In this work, I investigated structured approaches to data selection for speaker recognition, with an emphasis on information theoretic approaches, as well as approaches based on speaker-specific differences that arise from speech production. These approaches rely on the investigation of speaker discriminability measures that detect speech regions that result in high speaker differentiation. I also attempted to understand why certain data regions result in better speaker recognition system performance.
The knowledge gained from the speaker discriminability measures was used to implement an effective data selection procedure, that allows for the prediction of how well a speaker recognition system will behave without actually implementing the system. The use of speaker discriminability measures also leads to data reduction in speaker recognition training and testing, allowing for faster modeling and easier data storage, given that the latest speaker recognition corpora uses hundreds of gigabytes.
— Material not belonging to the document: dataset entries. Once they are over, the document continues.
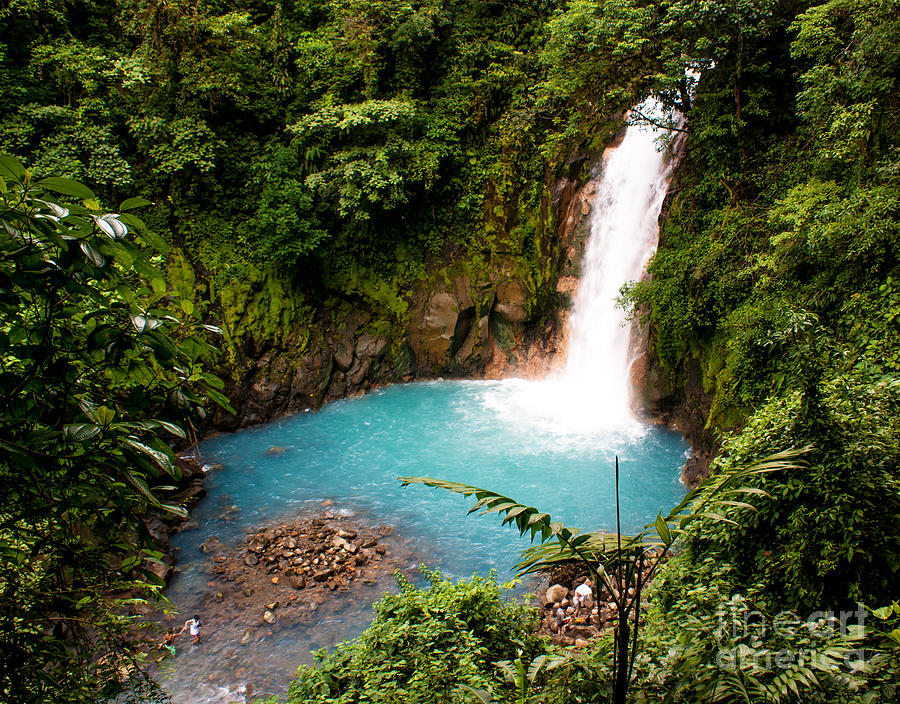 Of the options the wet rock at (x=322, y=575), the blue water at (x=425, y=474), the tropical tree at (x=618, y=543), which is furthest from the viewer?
the blue water at (x=425, y=474)

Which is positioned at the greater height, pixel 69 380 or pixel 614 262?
pixel 614 262

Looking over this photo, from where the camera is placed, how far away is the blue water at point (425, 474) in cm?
757

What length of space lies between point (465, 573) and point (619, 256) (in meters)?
8.08

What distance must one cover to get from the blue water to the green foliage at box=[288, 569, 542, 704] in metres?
2.17

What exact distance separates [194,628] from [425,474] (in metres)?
4.26

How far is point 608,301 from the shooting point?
12.0m

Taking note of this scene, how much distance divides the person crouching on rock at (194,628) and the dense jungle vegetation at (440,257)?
794 millimetres

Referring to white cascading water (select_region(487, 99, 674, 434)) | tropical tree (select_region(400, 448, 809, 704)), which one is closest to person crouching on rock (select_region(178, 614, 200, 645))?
tropical tree (select_region(400, 448, 809, 704))

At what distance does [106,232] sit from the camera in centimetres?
145

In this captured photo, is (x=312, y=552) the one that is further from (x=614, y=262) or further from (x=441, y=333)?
(x=614, y=262)

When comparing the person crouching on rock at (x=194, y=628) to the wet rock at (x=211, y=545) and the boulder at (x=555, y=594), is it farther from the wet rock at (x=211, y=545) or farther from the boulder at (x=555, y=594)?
the boulder at (x=555, y=594)

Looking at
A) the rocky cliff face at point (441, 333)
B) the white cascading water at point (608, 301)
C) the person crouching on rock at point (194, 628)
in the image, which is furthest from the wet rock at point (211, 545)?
the white cascading water at point (608, 301)

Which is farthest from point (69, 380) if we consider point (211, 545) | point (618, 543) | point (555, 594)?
point (211, 545)

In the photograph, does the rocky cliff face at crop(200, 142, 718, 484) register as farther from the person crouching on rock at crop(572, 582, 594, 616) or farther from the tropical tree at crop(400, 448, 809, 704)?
the tropical tree at crop(400, 448, 809, 704) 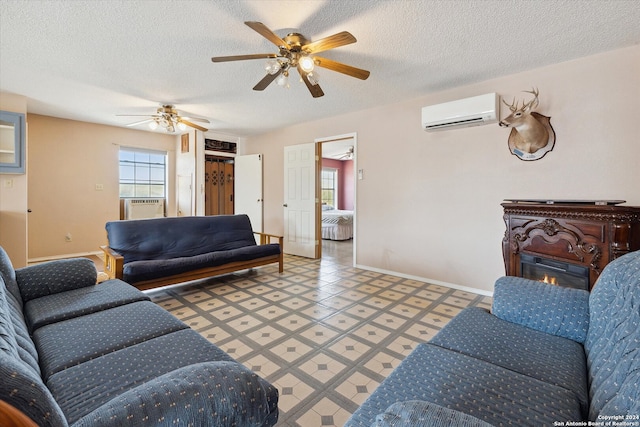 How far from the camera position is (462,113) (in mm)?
3162

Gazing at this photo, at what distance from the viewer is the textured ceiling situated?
1.98 meters

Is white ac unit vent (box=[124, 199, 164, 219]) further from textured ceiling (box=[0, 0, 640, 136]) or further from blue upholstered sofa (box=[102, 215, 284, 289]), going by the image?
blue upholstered sofa (box=[102, 215, 284, 289])

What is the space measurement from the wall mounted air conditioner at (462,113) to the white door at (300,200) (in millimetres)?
2104

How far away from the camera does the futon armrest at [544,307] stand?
1.38 metres

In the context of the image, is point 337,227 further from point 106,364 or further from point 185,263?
point 106,364

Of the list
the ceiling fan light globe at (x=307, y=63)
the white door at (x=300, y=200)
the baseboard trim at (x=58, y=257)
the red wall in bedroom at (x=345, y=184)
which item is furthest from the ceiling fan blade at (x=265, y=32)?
the red wall in bedroom at (x=345, y=184)

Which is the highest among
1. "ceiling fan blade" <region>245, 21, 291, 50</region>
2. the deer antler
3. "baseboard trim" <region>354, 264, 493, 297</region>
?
"ceiling fan blade" <region>245, 21, 291, 50</region>

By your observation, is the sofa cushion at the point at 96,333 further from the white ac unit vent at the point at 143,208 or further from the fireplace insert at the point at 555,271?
the white ac unit vent at the point at 143,208

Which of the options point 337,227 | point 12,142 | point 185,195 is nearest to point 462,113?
point 337,227

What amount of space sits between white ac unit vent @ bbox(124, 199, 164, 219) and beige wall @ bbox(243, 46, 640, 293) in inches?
141

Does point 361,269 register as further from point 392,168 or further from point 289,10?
point 289,10

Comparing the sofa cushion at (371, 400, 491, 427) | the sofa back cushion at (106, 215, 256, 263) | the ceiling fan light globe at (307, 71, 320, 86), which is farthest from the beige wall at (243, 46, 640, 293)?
the sofa cushion at (371, 400, 491, 427)

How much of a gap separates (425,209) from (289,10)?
107 inches

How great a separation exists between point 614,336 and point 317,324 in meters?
1.92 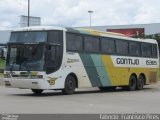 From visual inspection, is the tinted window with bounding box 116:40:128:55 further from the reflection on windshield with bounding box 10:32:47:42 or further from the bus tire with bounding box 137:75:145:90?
the reflection on windshield with bounding box 10:32:47:42

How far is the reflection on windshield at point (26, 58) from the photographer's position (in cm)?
2314

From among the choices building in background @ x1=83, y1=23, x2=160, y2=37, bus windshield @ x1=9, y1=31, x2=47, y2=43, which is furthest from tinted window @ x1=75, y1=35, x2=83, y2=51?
building in background @ x1=83, y1=23, x2=160, y2=37

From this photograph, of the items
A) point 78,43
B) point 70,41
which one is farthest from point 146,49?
point 70,41

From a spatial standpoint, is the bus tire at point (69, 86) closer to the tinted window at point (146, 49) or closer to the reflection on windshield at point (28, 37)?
the reflection on windshield at point (28, 37)

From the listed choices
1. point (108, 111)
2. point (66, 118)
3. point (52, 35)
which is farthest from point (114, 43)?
point (66, 118)

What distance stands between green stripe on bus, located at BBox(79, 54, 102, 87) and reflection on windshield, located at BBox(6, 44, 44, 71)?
305 cm

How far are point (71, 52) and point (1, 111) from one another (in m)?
9.39

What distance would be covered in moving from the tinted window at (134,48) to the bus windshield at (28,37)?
8.50m

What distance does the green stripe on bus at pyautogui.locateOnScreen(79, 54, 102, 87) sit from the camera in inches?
1021

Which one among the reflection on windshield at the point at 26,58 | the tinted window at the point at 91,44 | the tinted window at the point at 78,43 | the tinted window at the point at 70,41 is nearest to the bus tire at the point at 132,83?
the tinted window at the point at 91,44

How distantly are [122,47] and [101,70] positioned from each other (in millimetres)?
2899

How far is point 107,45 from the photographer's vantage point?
2817cm

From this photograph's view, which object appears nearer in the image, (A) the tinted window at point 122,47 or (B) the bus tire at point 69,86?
(B) the bus tire at point 69,86

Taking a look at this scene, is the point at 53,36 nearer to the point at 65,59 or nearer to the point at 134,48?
the point at 65,59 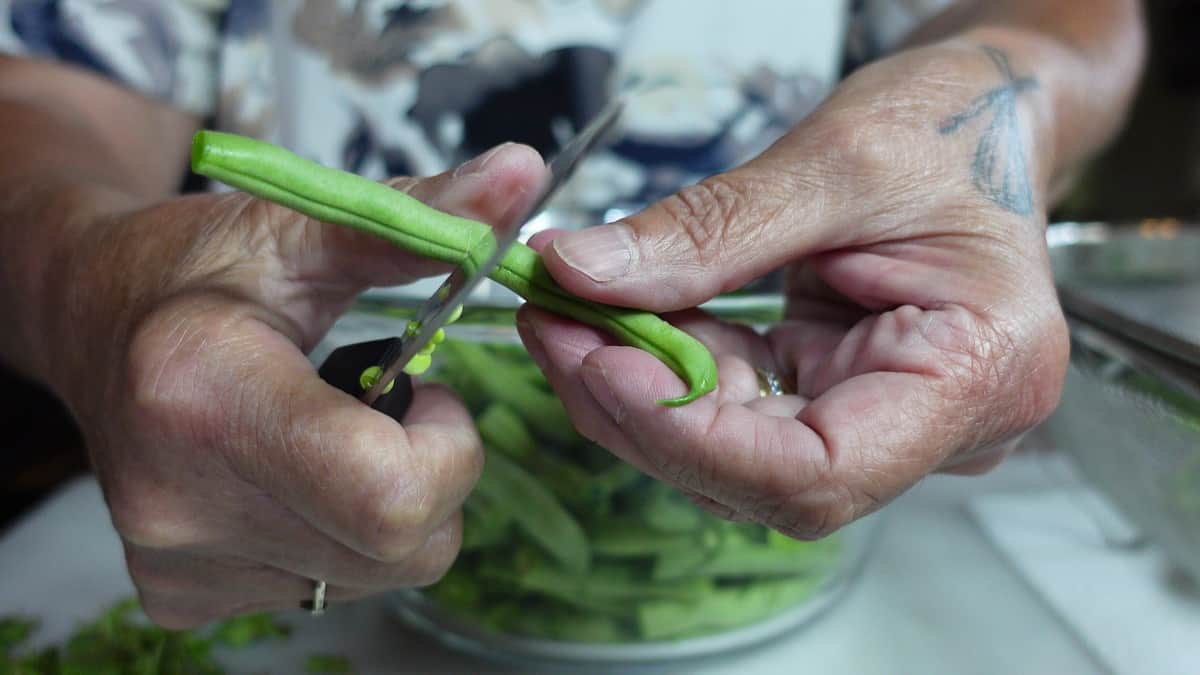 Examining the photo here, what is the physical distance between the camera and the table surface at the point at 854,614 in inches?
34.4

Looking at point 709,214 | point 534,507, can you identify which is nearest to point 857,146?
point 709,214

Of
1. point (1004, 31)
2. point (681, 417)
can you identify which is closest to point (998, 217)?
point (681, 417)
In particular, I focused primarily on Gaussian Mixture Model- (GMM) based speaker recognition systems, which comprise the majority of current state-of-the-art speaker recognition systems. Methods were investigated to make the speaker discriminability measures easily obtainable, such that the amount of computational resources required to extract these measures from the data would be significantly less in comparison to the computational resources required to run entire speaker recognition systems to determine what regions of speech are speaker discriminative.
Upon selecting the speech data using these measures, I created new speech units based on the data selected. The speaker recognition performances of the new speech units were compared to the existing units (mainly mono-phones and words) standalone and in combination. I found that in general, the new speech units are more speaker discriminative than the existing ones. Speaker recognition systems that use the new speech units as data in general outperformed systems using the existing speech units. This work, therefore, outlines an effective approach that is easy to implement for selecting speaker discriminative regions of data for speaker recognition.